Otimismo

Cheio de incertezas, 2012 começa com um Banco Central muito mais otimista que o mercado financeiro. O cenário previsto pela autoridade monetária aponta para o crescimento da economia com inflação menor nos próximos 12 meses. Para isso, a instituição trabalha com a expectativa de uma intrincada sequência de fatos, que vão desde a continuidade da queda dos preços no atacado até a desaceleração da economia chinesa, passando pelo efeito do aumento do juro no primeiro semestre do ano passado e alguma moderação nas operações de crédito.

Perspectivas

No Banco Central, segue a percepção de que as perspectivas para a economia - inflação, incluída - são ''positivas'' em 2012. Pelas contas da casa, a economia deve acelerar e crescer 3,5% este ano - ante 3% de 2011. E, ignorando a máxima de que a atividade mais forte gera aumento de preços, a inflação deve cair dos 6,5% cravados no ano passado para 4,7% em 2012. O mercado discorda: prevê crescimento da economia menor - de 3,3% - e inflação mais alta - de 5,31%.

Recuo

Quedas de preços em alimentos processados (-0,94%) e em minério de ferro (-5,88%) no atacado levaram ao recuo de 0,01% na primeira prévia do IGP-M de janeiro.
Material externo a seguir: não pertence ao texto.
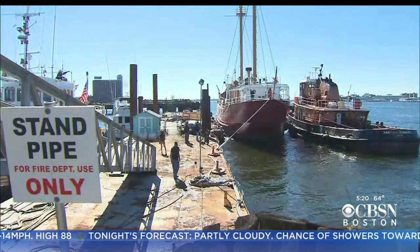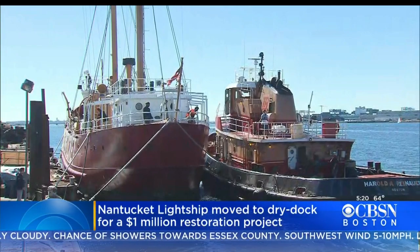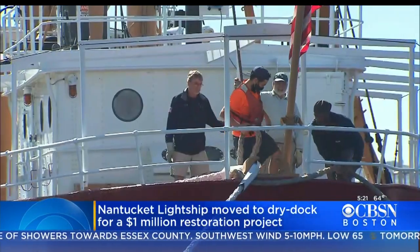The Nantucket light ship is undergoing a major restoration. The 50-foot floating lighthouse and museum has been moved from East Boston to the Fitzgerald shipyard in Chelsea. Crews will replace the 84-year-old steel hull frames and complete other maintenance work.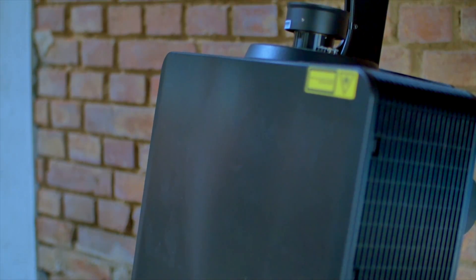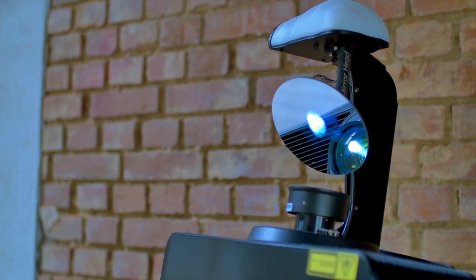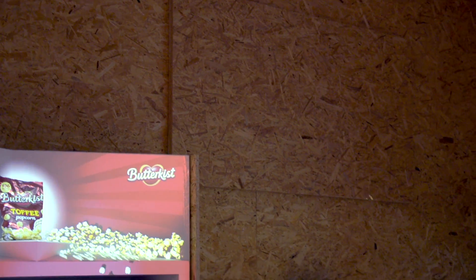The mirror head works in conjunction with Optoma projectors. We've gone into a partnership with Dynamic Projection Institute. The mirror head attaches to the projectors and uses a highly accurate mirror to move the image around the room whilst distorting the imagery to make it correct.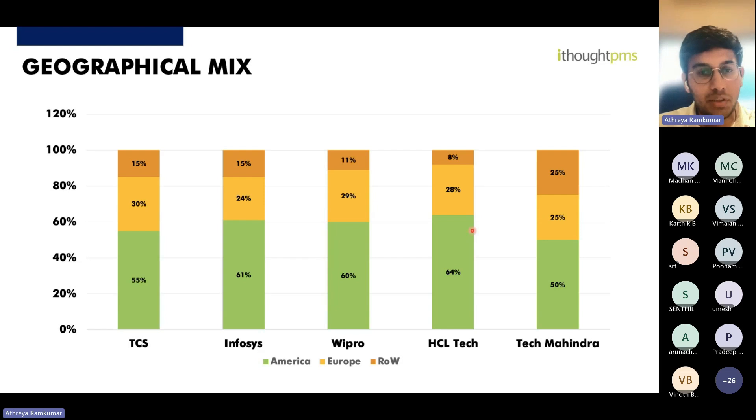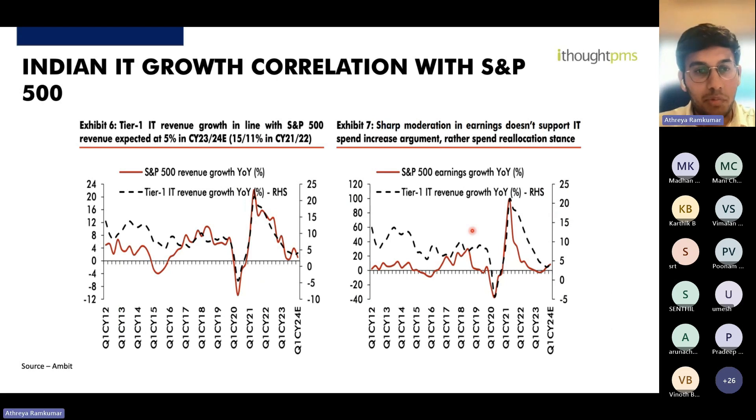Looking at the geographical mix for Tier 1 companies: roughly 60% of revenues come from North America and 30% from Europe — close to 90% combined, with just 10% from the rest of the world. Since most revenues come from North America, there is a 92% correlation between S&P 500 revenue growth and Tier 1 IT sector revenue growth. The correlation with S&P 500 earnings growth is much lower at 52%. Therefore, S&P 500 revenue growth is an important indicator to project the IT sector's growth rates.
Com o fim da entressafra, o preço da carne bovina caiu 4,35% na prévia anunciada ontem, após avanço de 5,86% na primeira prévia de dezembro do ano passado.

Inflação

A primeira prévia do IGP-M caiu 0,01% em janeiro, após subir 0,04% em igual prévia em dezembro do ano passado, segundo a Fundação Getúlio Vargas (FGV). A taxa ficou dentro do piso das estimativas dos analistas do mercado financeiro consultados pelo AE-Projeções (de -0,12% a 0,30%), e abaixo da mediana das expectativas (0,0%).

Fluxo cambial
O Brasil registrou na primeira semana do mês, com cinco dias úteis, maior saída do que entrada de dólares. Segundo dados do Banco Central (BC), o saldo negativo ficou em US$ 707 milhões, neste mês, até o dia 6. No mesmo total de dias úteis do ano passado, o saldo ficou positivo em US$ 4,099 bilhões.

Saldo

O segmento financeiro (registro de investimentos em títulos, ações, remessas de lucros e dividendos ao exterior, entre outras operações) registrou saldo negativo de US$ 859 milhões, enquanto o comercial (relacionado a operações do comércio exterior) ficou positivo em US$ 153 milhões, no período. Em todo o ano passado, o saldo positivo do fluxo cambial ficou positivo em US$ 65,279 bilhões, o segundo maior superávit cambial da série histórica, atrás apenas do resultado de 2007 (US$ 87,454 bilhões).

Leve alta
O dólar comercial fechou quase estável nesta quarta-feira. A moeda norte-americana teve ligeira alta de 0,03%, cotada a R$ 1,801 na venda.

Queda

Os principais índices das bolsas europeias fecharam em queda ontem, com as ações do setor de energia recuando junto com os preços do petróleo e com os temores sobre a crise da dívida soberana na zona do euro pesando no sentimento. O índice pan-europeu Stoxx 600 fechou em queda de 0,35%, ou 0,89 pontos, para 249,93 pontos. A queda nos preços do petróleo e o aumento na cotação do dólar ante o euro levaram a uma forte queda nas ações do setor de energia na Europa.

Crise

O comissário de Assuntos Econômicos e Monetários da União Europeia, Olli Rehn, disse ontem que a zona do euro ainda tem um caminho a percorrer antes de conseguir colocar um fim à crise fiscal que atinge o bloco e voltar a registrar um crescimento sustentável.

Ganhos

A maioria das Bolsas da Ásia fechou no campo positivo nesta quarta-feira. A alta em Wall Street e o contínuo otimismo de que Pequim irá dar apoio aos seus mercados acionários animaram os investidores. Este foi o caso na Bolsa de Hong Kong, que teve a terceira sessão seguida de ganhos. O índice Hang Seng subiu 147,66 pontos, ou 0,8%, e encerrou aos 19.151,94 pontos.

Alívio

A Bolsa de Tóquio fechou em modesta alta nesta quarta-feira. O alívio em relação aos temores sobre o crédito na zona do euro superou as preocupações sobre a valorização do iene, ajudando Nomura Holdings e outras ações do setor financeiro a apresentarem fortes ganhos. O índice Nikkei subiu 25,62 pontos, ou 0,3%, e terminou aos 8.447,88 pontos, após alta de 0,4% no pregão anterior. O volume de negociações foi de 1,65 bilhão de ações, próximo do registrado na terça-feira.